Yazarlar puslu zamanların büyülü namelerini bize söylerken, içimize dokunan kelimeler beğendikleri bir yere geçip oturmaktaydı.
Serçelerin şarkısı, ulusların yıkılışı, medeniyetin hançerleri, melankoliye meyilli kahraman veya anti-kahramanlar bize kulaklarımızı dört açmamızı söylüyorlardı.
Bulundukları yerlerden...
PS: Eğer bu galeriyi okumaya niyetliyseniz devam edin. Birkaç satır okuduktan sonra burada daha fazla olmak isteyeceksiniz. Bu yüzden devam edin. Burada kalmaya devam edin. Kendinize bakın, hala tek parçaysanız o zaman bu haberi okumanız için bir sorun yok demektir.

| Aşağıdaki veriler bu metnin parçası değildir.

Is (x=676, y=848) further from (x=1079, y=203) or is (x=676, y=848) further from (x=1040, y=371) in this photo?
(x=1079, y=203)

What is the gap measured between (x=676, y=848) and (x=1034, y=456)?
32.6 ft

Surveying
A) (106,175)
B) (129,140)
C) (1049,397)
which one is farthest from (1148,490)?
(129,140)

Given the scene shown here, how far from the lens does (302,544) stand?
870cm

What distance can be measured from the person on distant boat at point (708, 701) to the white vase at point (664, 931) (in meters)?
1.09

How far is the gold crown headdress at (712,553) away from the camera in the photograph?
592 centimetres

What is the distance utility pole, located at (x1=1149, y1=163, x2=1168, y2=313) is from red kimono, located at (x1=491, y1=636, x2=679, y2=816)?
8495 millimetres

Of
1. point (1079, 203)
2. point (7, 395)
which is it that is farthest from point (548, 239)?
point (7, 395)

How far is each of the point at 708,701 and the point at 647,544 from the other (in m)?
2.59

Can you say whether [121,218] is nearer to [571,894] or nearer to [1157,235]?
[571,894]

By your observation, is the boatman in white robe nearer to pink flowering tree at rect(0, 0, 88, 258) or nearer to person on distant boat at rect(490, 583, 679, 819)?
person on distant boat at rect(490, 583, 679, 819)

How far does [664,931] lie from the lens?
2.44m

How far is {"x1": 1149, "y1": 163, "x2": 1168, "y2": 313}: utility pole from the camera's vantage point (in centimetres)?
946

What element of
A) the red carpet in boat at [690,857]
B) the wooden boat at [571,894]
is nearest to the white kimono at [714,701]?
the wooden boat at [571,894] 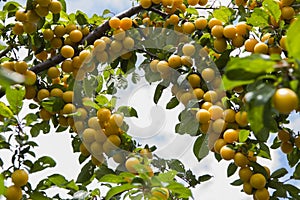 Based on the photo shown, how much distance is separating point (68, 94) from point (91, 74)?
0.24 m

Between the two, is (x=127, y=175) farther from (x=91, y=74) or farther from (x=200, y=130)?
(x=91, y=74)

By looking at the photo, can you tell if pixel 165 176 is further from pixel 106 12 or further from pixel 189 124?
pixel 106 12

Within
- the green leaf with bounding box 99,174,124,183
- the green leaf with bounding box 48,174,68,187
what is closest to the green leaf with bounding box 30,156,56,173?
the green leaf with bounding box 48,174,68,187

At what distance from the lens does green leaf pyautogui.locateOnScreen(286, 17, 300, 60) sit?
953 mm

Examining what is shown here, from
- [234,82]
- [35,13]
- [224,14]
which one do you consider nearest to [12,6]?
[35,13]

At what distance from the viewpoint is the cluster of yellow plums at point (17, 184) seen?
1.80 meters

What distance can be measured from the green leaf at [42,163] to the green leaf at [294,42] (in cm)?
128

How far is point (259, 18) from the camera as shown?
1974 mm

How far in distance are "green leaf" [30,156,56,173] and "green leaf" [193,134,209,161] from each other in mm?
650

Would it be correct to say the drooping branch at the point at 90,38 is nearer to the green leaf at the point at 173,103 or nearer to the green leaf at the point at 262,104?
the green leaf at the point at 173,103

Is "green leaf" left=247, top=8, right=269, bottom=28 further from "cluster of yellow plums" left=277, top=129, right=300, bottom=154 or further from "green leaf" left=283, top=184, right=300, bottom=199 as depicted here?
"green leaf" left=283, top=184, right=300, bottom=199

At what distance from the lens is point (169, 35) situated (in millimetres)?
2506

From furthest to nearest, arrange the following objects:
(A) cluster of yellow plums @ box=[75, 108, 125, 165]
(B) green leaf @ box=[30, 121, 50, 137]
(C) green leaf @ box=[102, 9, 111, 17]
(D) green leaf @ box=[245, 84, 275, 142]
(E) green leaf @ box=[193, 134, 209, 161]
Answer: (C) green leaf @ box=[102, 9, 111, 17] < (B) green leaf @ box=[30, 121, 50, 137] < (E) green leaf @ box=[193, 134, 209, 161] < (A) cluster of yellow plums @ box=[75, 108, 125, 165] < (D) green leaf @ box=[245, 84, 275, 142]

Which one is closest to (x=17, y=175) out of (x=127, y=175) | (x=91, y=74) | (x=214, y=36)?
(x=127, y=175) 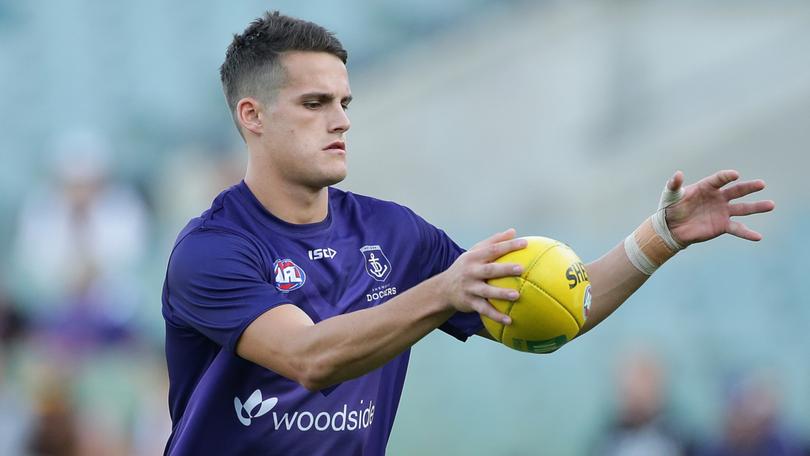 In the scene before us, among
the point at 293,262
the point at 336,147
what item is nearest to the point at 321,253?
the point at 293,262

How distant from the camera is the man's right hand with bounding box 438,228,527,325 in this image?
3744 mm

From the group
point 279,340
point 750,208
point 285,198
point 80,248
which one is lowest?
point 279,340

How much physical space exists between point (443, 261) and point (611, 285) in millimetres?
695

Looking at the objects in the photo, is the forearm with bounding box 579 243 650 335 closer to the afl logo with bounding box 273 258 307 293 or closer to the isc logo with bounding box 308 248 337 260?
the isc logo with bounding box 308 248 337 260

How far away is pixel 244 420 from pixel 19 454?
21.4 ft

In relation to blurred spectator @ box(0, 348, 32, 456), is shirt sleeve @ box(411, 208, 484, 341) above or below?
below

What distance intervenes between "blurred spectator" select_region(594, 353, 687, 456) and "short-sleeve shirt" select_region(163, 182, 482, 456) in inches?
225

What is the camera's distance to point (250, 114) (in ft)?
16.0

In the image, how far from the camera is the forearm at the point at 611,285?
491cm

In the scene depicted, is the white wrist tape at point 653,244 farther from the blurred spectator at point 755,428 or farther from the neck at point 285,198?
the blurred spectator at point 755,428

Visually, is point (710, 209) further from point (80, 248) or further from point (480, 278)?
point (80, 248)

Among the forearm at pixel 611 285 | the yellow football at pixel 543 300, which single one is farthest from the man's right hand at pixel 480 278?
the forearm at pixel 611 285

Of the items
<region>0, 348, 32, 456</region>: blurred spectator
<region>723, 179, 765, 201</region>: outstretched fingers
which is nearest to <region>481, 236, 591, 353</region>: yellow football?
<region>723, 179, 765, 201</region>: outstretched fingers

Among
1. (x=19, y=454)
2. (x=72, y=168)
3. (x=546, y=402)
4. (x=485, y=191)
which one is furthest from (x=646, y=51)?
(x=19, y=454) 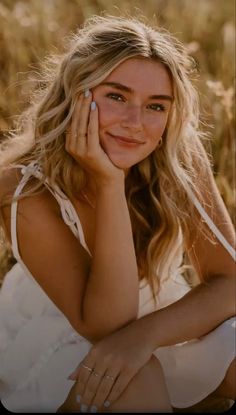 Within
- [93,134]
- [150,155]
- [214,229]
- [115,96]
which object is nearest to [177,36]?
[150,155]

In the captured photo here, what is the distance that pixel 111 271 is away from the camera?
8.53ft

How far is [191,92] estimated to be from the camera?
290 cm

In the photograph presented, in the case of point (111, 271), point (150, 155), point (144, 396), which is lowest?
point (144, 396)

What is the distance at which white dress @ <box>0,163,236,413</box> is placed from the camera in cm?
271

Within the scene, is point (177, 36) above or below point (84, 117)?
below

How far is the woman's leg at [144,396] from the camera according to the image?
2.48 m

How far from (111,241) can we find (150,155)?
50cm

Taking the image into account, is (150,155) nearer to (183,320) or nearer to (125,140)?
(125,140)

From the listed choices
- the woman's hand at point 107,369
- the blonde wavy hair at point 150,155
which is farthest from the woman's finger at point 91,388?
the blonde wavy hair at point 150,155

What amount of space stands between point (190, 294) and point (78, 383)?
1.73ft

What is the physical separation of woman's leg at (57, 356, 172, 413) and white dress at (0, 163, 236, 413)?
7.2 inches

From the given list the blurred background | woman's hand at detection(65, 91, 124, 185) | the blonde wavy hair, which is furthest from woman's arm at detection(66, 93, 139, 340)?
the blurred background

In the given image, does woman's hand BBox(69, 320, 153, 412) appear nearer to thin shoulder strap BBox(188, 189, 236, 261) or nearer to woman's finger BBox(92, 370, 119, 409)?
woman's finger BBox(92, 370, 119, 409)

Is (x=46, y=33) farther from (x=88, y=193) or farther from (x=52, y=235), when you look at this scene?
(x=52, y=235) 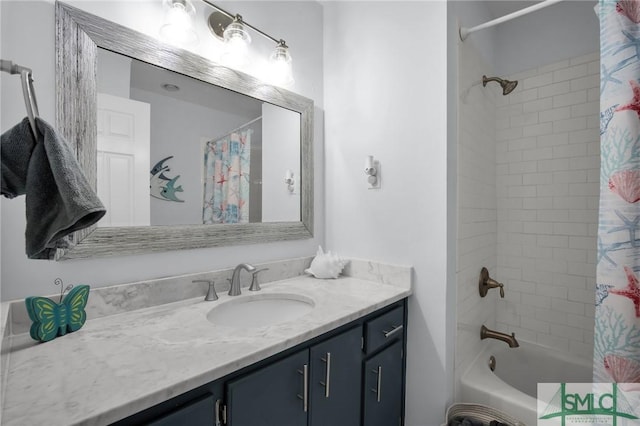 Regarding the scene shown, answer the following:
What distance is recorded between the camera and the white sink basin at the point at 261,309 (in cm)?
130

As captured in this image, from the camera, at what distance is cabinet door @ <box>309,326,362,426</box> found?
1052 millimetres

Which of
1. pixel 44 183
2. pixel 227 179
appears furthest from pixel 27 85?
pixel 227 179

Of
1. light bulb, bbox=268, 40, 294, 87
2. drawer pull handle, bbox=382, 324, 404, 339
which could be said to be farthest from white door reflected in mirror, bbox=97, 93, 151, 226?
drawer pull handle, bbox=382, 324, 404, 339

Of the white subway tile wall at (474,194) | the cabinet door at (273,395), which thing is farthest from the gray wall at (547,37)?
the cabinet door at (273,395)

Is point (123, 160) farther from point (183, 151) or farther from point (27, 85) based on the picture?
point (27, 85)

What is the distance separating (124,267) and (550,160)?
251 centimetres

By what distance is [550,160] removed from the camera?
2.05 metres

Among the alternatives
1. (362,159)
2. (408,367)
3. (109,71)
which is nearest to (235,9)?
(109,71)

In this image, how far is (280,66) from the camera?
160 centimetres

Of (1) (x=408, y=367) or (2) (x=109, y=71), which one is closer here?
(2) (x=109, y=71)

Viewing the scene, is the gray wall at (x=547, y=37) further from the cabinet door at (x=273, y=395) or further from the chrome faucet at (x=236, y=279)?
the cabinet door at (x=273, y=395)

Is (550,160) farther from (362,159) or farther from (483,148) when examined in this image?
(362,159)

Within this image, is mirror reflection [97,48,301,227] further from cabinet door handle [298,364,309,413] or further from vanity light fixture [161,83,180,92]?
cabinet door handle [298,364,309,413]

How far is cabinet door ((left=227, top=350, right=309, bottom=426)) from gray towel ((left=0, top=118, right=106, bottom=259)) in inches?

1. J.D. Salinger - Çavdar Tarlasında Çocuklar
"Anlatacaklarımı gerçekten dinleyecekseniz, herhalde önce nerede doğduğumu, rezil çocukluğumun nasıl geçtiğini, ben doğmadan önce annemle babamın nasıl tanıştıklarını, tüm o David Copperfield zırvalıklarını filan da bilmek istersiniz, ama ben pek anlatmak istemiyorum. Her şeyden önce, ben bu zımbırtılardan sıkılıyorum. Sonra, onlarla ilgili en ufak bir söz etsem, bizimkilere inmeler iner."